Starting at the first line of the data below, write out each line exactly until you reach the line containing "Bedford Collection BED1424RW", and include that line too.

-*-*-

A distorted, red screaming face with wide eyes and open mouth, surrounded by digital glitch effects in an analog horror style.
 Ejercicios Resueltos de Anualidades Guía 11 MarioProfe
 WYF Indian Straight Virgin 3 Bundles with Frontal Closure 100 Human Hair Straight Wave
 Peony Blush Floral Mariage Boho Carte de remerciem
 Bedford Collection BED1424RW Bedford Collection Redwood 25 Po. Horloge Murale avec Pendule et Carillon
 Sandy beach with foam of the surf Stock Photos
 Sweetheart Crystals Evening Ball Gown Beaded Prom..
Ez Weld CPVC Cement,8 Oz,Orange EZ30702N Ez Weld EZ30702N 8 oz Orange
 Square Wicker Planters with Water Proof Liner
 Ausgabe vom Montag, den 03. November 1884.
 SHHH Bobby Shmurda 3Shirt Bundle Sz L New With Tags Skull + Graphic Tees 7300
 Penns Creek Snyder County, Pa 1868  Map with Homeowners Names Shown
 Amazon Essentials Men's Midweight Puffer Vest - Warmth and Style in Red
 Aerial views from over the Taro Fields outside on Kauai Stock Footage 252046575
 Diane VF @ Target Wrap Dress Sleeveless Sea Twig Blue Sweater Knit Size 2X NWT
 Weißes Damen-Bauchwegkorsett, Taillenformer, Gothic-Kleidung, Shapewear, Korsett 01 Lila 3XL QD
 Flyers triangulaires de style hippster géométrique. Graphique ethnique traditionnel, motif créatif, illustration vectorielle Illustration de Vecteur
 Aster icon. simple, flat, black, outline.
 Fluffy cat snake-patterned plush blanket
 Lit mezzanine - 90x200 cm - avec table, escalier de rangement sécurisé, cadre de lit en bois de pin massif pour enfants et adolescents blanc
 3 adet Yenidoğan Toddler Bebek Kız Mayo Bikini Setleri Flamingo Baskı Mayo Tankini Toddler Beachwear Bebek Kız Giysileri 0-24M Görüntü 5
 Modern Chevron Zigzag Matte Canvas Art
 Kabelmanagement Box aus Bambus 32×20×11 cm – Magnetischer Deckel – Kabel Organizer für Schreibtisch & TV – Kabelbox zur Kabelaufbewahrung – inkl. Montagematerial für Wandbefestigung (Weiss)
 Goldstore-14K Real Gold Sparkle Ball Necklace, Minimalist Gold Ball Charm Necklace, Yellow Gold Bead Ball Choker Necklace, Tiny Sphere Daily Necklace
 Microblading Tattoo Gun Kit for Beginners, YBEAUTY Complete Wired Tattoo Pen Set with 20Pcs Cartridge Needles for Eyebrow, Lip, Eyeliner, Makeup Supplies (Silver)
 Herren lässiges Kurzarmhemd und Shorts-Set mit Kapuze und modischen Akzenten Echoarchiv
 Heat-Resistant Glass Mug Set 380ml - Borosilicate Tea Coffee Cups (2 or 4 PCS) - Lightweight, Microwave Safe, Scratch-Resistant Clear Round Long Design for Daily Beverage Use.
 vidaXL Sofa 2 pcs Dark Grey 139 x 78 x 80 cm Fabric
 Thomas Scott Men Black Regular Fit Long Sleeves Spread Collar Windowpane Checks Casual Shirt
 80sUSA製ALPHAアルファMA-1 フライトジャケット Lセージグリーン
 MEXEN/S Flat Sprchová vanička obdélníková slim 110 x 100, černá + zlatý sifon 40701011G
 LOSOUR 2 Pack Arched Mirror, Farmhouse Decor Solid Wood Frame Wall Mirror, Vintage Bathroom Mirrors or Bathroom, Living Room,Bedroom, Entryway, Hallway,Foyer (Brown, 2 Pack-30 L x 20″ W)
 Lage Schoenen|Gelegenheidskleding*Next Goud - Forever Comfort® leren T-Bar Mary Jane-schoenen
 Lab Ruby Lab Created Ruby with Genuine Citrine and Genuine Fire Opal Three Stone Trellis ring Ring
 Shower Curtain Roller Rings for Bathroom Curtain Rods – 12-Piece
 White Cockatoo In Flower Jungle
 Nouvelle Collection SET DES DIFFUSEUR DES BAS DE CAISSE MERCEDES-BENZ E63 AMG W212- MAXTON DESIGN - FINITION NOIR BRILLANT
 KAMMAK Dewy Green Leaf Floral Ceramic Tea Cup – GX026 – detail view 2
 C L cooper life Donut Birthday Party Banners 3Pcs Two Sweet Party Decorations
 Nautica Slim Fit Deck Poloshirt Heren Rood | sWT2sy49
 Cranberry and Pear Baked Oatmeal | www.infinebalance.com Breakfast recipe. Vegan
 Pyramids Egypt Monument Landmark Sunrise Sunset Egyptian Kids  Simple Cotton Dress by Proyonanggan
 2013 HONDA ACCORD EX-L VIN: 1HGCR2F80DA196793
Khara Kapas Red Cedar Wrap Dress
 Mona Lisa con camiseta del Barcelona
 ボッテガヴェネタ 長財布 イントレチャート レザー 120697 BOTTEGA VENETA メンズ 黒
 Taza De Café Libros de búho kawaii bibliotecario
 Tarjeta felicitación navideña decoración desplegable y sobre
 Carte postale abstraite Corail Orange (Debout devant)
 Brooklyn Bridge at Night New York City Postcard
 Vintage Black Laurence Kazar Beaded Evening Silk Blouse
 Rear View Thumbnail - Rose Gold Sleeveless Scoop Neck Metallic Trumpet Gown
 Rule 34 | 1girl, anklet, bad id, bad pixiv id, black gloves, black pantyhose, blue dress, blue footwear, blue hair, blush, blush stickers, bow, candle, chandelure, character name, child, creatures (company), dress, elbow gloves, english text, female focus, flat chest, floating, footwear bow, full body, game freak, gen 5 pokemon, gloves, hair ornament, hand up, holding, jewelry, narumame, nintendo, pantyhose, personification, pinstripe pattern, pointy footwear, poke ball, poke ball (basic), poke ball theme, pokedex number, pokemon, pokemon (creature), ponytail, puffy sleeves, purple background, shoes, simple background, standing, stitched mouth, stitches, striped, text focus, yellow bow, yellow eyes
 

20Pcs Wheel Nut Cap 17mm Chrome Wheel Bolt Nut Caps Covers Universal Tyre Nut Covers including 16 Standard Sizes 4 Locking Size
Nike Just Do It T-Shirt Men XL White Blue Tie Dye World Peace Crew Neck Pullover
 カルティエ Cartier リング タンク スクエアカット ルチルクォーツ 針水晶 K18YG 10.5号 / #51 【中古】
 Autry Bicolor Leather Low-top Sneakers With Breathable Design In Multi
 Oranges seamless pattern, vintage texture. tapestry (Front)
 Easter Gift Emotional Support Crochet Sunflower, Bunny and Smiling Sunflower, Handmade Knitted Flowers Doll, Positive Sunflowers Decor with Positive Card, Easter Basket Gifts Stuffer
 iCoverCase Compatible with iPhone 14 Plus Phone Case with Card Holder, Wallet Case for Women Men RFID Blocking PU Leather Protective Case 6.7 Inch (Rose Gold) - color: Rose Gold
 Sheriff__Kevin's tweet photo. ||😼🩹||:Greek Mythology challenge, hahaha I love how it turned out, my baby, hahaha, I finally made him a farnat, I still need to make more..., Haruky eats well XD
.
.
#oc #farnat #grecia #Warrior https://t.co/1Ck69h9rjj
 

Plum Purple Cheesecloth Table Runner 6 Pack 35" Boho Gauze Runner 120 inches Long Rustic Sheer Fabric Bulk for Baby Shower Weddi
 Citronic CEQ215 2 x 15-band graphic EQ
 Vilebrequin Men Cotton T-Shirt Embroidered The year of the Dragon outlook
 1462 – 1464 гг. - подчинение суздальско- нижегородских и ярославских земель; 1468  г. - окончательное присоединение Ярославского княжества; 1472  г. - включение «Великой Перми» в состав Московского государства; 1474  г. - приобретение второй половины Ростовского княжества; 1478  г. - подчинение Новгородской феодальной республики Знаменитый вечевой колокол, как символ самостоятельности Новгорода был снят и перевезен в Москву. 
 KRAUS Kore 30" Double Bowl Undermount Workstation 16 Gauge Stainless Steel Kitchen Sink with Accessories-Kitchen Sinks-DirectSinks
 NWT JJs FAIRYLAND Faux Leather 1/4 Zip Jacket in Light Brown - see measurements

-*-*-

### EXERCISE RESULT
A distorted, red screaming face with wide eyes and open mouth, surrounded by digital glitch effects in an analog horror style.
 Ejercicios Resueltos de Anualidades Guía 11 MarioProfe
 WYF Indian Straight Virgin 3 Bundles with Frontal Closure 100 Human Hair Straight Wave
 Peony Blush Floral Mariage Boho Carte de remerciem
 Bedford Collection BED1424RW Bedford Collection Redwood 25 Po. Horloge Murale avec Pendule et Carillon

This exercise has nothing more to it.